Антонен поставил перед котом плошку с молоком, но тот с презрением отверг угощение. Он хотел масла, жира для своего большого тела. Получив желтый кусочек, который Антонен выковырнул из кормушки, он проглотил его в мгновенье ока, жадно, словно давно голодал, потом подошел и облизал испачканные маслом пальцы монаха. Антонен протянул руку, чтобы его погладить. Кот моментально ощетинился и стремительно выбросил вперед лапу. От его когтей на запястье Антонена остались три кровавые полоски. Антонен его не прогнал, он рассматривал большое тело кота, принявшего оборонительную позу и готового снова пустить в дело когти.

“Инквизитора нельзя гладить”, – подумал Антонен и отошел в сторону.

Наступило первое воскресенье. Близился назначенный срок. Неделя истекла. Кошачьи царапины пошли ему на пользу. От боли он очнулся. Раны были поверхностными, но мучительными. Они пульсировали, как маленькое сердце; руку сильно жгло до самой подмышки.

Последние часы он провел словно в тумане, спотыкаясь о самого себя. Благодаря этой боли, не оставлявшей его в покое, он медленно приходил в сознание и начинал обдумывать ситуацию.

Он скопировал три веленевые страницы. Они рассказывали о прошлом, о чуме, которая настигла приора, о его исцелении. Он славил милосердие Господа и просил у него прощения. Антонен не понимал, почему эта книга так важна. Она начиналась как наставление для кающихся. Может, оно предваряло признание в великом грехе, исповедь, которой ждал инквизитор? Но главная проблема заключалась не в содержании веленевой книги. Приор диктовал медленно, как будто у него впереди была целая вечность. На написание книги, вероятно, уйдет не один месяц. Сможет ли Робер выдержать так долго?

Выйдя из часовни, он направился не в келью, как другие братья, а в сад лекарственных трав. Рука сжимала в кармане свиток пергаментов, служивших черновиком текста, с которых он переписывал его на драгоценную велень.

Старый облат ждал его за стеной сада. Ни слова не говоря, он протянул руку. Антонен задал ему вопрос о состоянии Робера, но не получил ответа. Облат был закутан в толстую шерстяную накидку с красным крестом, вышитым на груди, у самого сердца. Вместо сердца.

Его спутники ждали чуть поодаль. Антонен слышал дыхание их лошадей. Он отдал облату пергаменты.

– Это все?

Монах кивнул. Старый солдат подошел к нему вплотную.

– О чем он говорит?

– О чуме, – ответил Антонен.

– И больше ни о чем?

– Нет, больше ни о чем.

– А об учителе? – прозвучал резкий голос.

– Никогда не слышал, чтобы он говорил об учителе.

Красный крест нырнул в тень.

– Когда я увижусь с Робером?

– Это еще надо заслужить, – бросил облат.

Глава 9

Каффа

Робер стоял.

Камера напоминала узкий коридор. С одной стороны – кирпичная стена, а с другой – дверь, обитая железными полосами. Раз в день монах приоткрывал ее и протягивал ему миску супа и чистый горшок, чтобы справлять нужду. Три метра в длину и меньше метра в ширину, да еще отдушина, не выходившая никуда и пропускавшая лишь затхлый воздух из других камер.
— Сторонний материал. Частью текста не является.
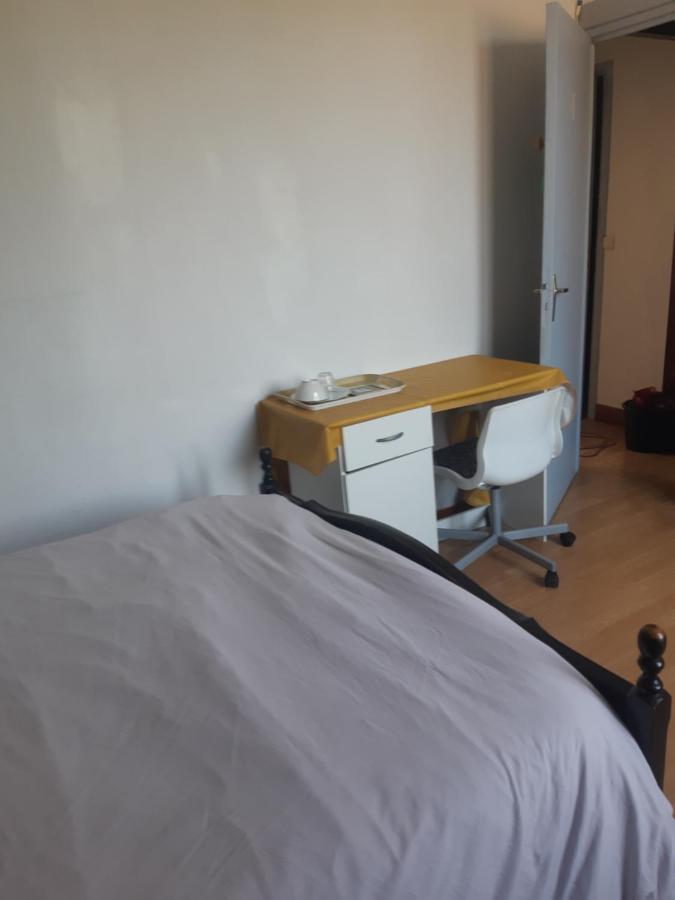 Apartamento Maison A Partager Troyes Exterior foto
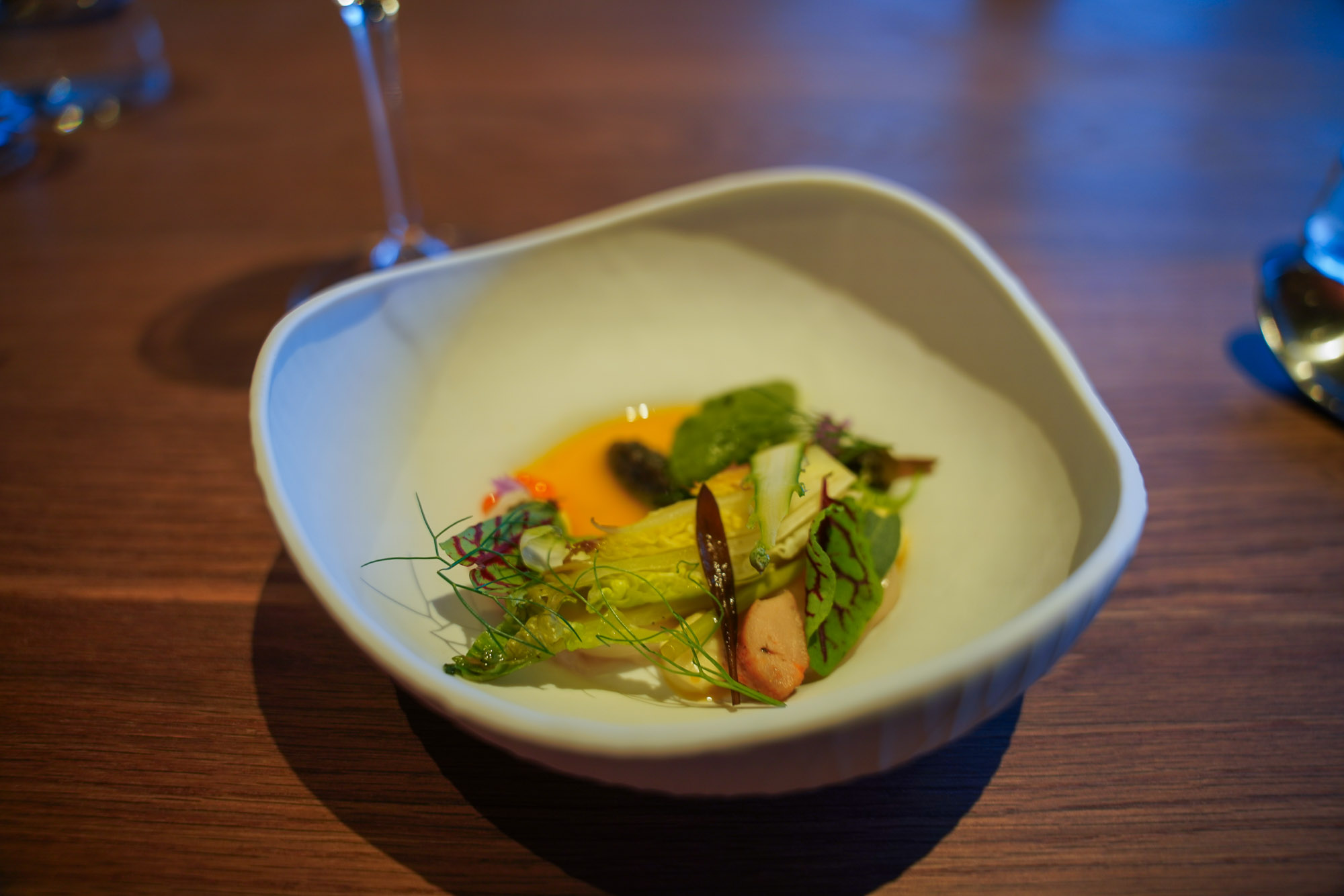 TimeSpirits Prix Fixe Dinner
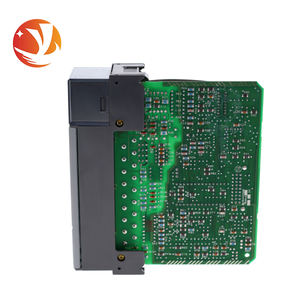 โมดูลอินพุตความเร็วสูง A-llen-Bradley 1746-HSCE 1746HSCE ของแท้ใหม่เอี่ยม ตัวควบคุม PLC แบบตั้งโปรแกรมได้ 16 I/O 110V - Product Image 2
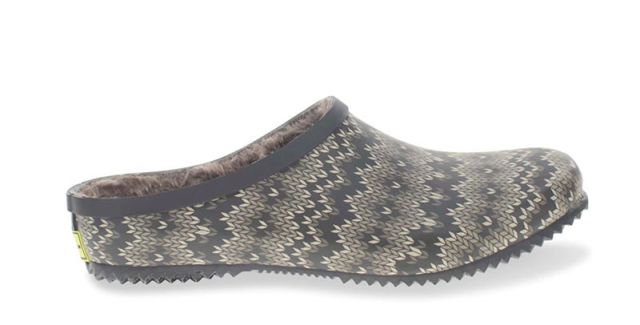 Western Chief Women's Fair Isle Clog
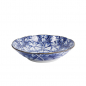 Preview: Hana Blue Pasta Teller bei Tokyo Design Studio (Bild 5 von 6)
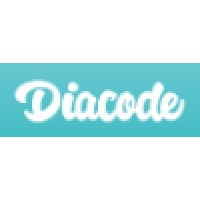 Diacode logo, Diacode contact details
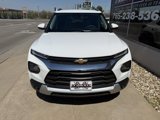Used 2021 Chevrolet TrailBlazer LT w/ Sun and Liftgate Package image 4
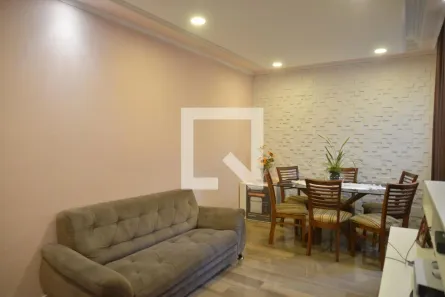 Apartamento com 3 Quartos à venda, 117m² no Jardim Guarará, Santo André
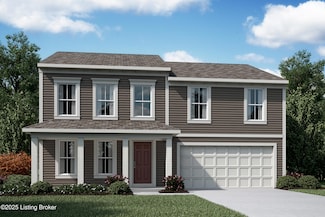 653 Revelation Way, Shelbyville, KY 40065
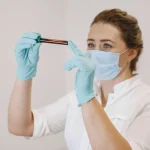 Mestrado em Enfermagem em Medicina Regenerativa Estética: PRP e Protocolos 1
Узник мог либо стоять, либо лежать, но не на спине, а только на боку, опираясь на плечо. Сидеть не получалось, шершавые стены с острыми выступами обдирали колени.

Так что Робер в основном стоял, он и спал, как лошадь, опираясь на стену, пока хватало сил. Однако его положение казалось ему вполне сносным.